Each ResidualBlock consists of two 3×3 convolutions with BatchNorm and ReLU, plus a skip connection. This preserves high-frequency spatial details (text, sprite outlines) that a simple CNN stack would lose.

RSSM Architecture

The Recurrent State-Space Model (src/models.py · RSSMCell) maintains two interacting components at each time step:

Deterministic path h_t: A GRU hidden state (512-dim) that carries temporal context across steps
Stochastic path s_t: Discrete categorical latents (32 × 32 = 1024-dim one-hot) that capture the stochastic aspects of the environment

python

RSSM Step (for time t):

# 1. Deterministic update (always runs)
gru_input = concat([prev_s, action_onehot])  # (B, 1024 + 8)
h_t = GRUCell(gru_input, prev_h)             # (B, 512)

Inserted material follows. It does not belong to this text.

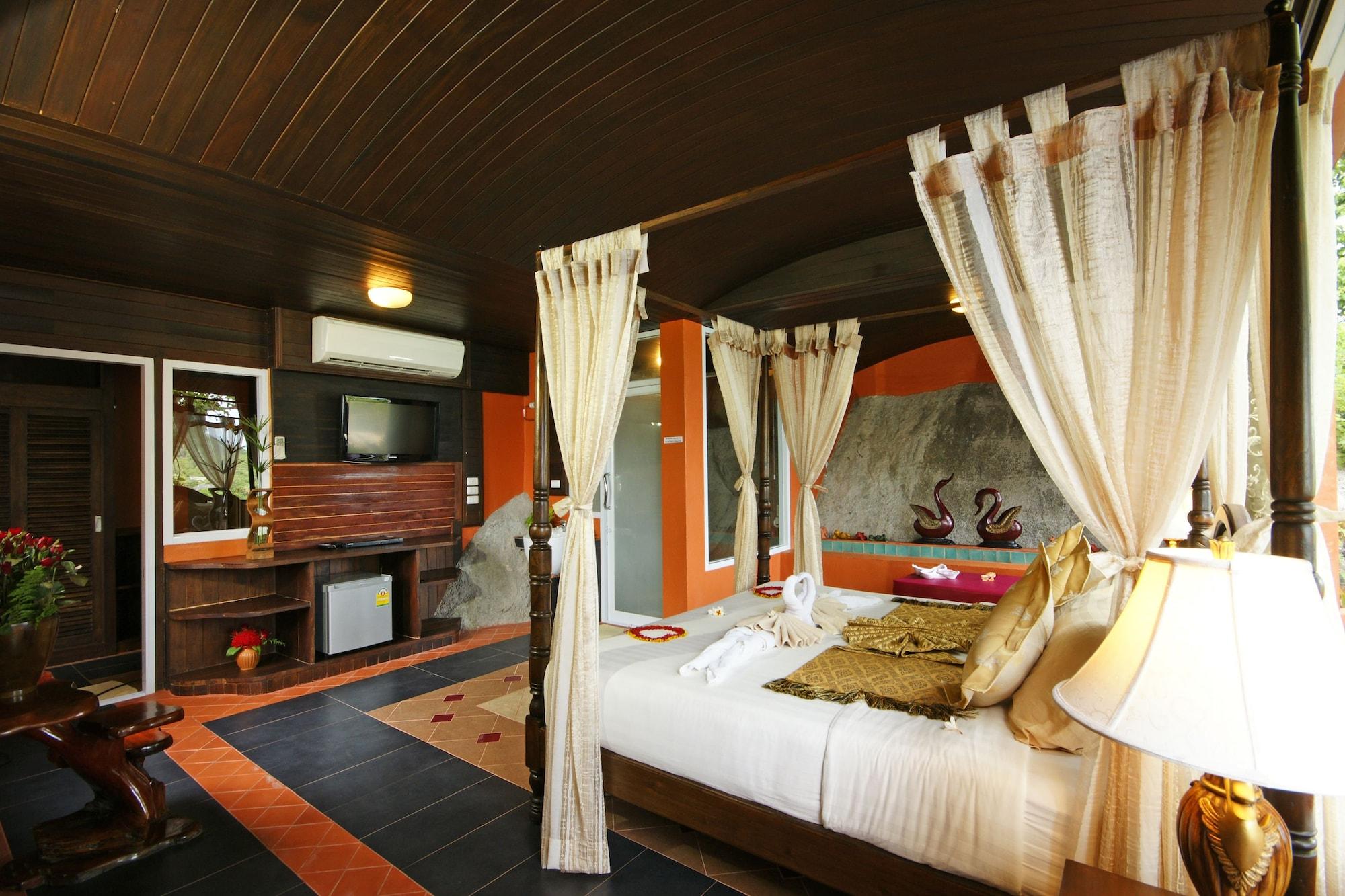 Sea Breeze - Sha 3* Haad Rin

# 2. Prior distribution (imagination / prior rollout)
prior_logits = prior_net(h_t)                # (B, 1024)

# 3. Posterior distribution (training with real frames)
if embed is not None:  # encoder embedding available
    post_logits = post_net(concat([h_t, e_t]))  # (B, 1024)
    s_t = gumbel_softmax(post_logits)           # (B, 1024)
else:                  # imagination mode
    s_t = gumbel_softmax(prior_logits)          # (B, 1024)

# Latent state for decoders
latent = concat([h_t, s_t])  # (B, 512 + 1024 = 1536)

Prior vs. Posterior

The RSSM has two distributions over the stochastic state s_t:

Distribution	Notation	Input	When Used
Prior	p(s_t \| h_t)	GRU hidden state h_t only	Imagination / generation (no real frames)
Posterior	q(s_t \| h_t, e_t)	h_t + encoder embedding e_t	Training (real observations available)

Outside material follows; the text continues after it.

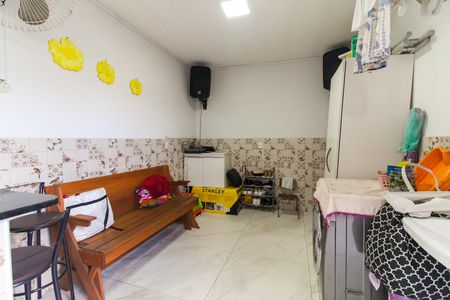 Casa à venda com 106m², 3 quartos e 2 vagasÁrea de Serviço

During training, we minimize the KL divergence between posterior and prior (ELBO). At inference time, the prior enables pure imagination - generating future frames from the prior without any emulator access.

Discrete Categorical Latents

v2 uses discrete categorical latents - 32 independent categorical variables, each with 32 classes. The total stochastic state is a 32×32 = 1024-dimensional one-hot vector.

Why Discrete?

Categorical distributions can represent multi-modal or sharp distinctions (e.g., "in battle" vs. "overworld") more naturally than Gaussian
Gradient flows through discrete variables via Gumbel-Softmax straight-through: forward pass uses hard one-hot samples, backward pass uses soft Gumbel-Softmax gradients
DreamerV2 established this as the preferred approach for model-based RL

Gumbel-Softmax Sampling

python

# From src/models.py · RSSMCell.sample_stochastic()
logits = logits.reshape(batch_size, self.category_num, self.class_num)
# → (B, 32, 32)

# Gumbel-Softmax with hard=True (straight-through)
sample = F.gumbel_softmax(logits, tau=1.0, hard=True)
# Forward: one-hot argmax (discrete)
# Backward: Gumbel-Softmax gradients (continuous)

return sample.reshape(batch_size, self.stoch_dim)  # (B, 1024)

Decoder & Prediction Heads

The latent state concat(h_t, s_t) (1536-dim) feeds into three decoder heads trained jointly:

Pixel Decoder (`Decoder`)

Mirror of the encoder - transposed convolutions with residual blocks at each scale, outputting a sigmoid-normalized 3×144×160 reconstruction.

text

Input:  (B, 1536)
fc:     Linear(1536, 23040) → reshape (B, 256, 9, 10)
res4:   ResidualBlock(256)
deconv4: ConvTranspose2d(256→128, k=4, s=2)  → (B, 128, 18, 20)
res3:   ResidualBlock(128)
deconv1: ConvTranspose2d(128→64, k=4, s=2)   → (B, 64,  36, 40)
res2:   ResidualBlock(64)
deconv2: ConvTranspose2d(64→32, k=4, s=2)    → (B, 32,  72, 80)
res1:   ResidualBlock(32)
deconv3: ConvTranspose2d(32→3, k=4, s=2)     → (B, 3,  144, 160)
sigmoid → output in [0, 1]

Reward Predictor (`RewardPredictor`)

MLP: Linear(1536, 256) → ELU → Linear(256, 1) - scalar reward prediction.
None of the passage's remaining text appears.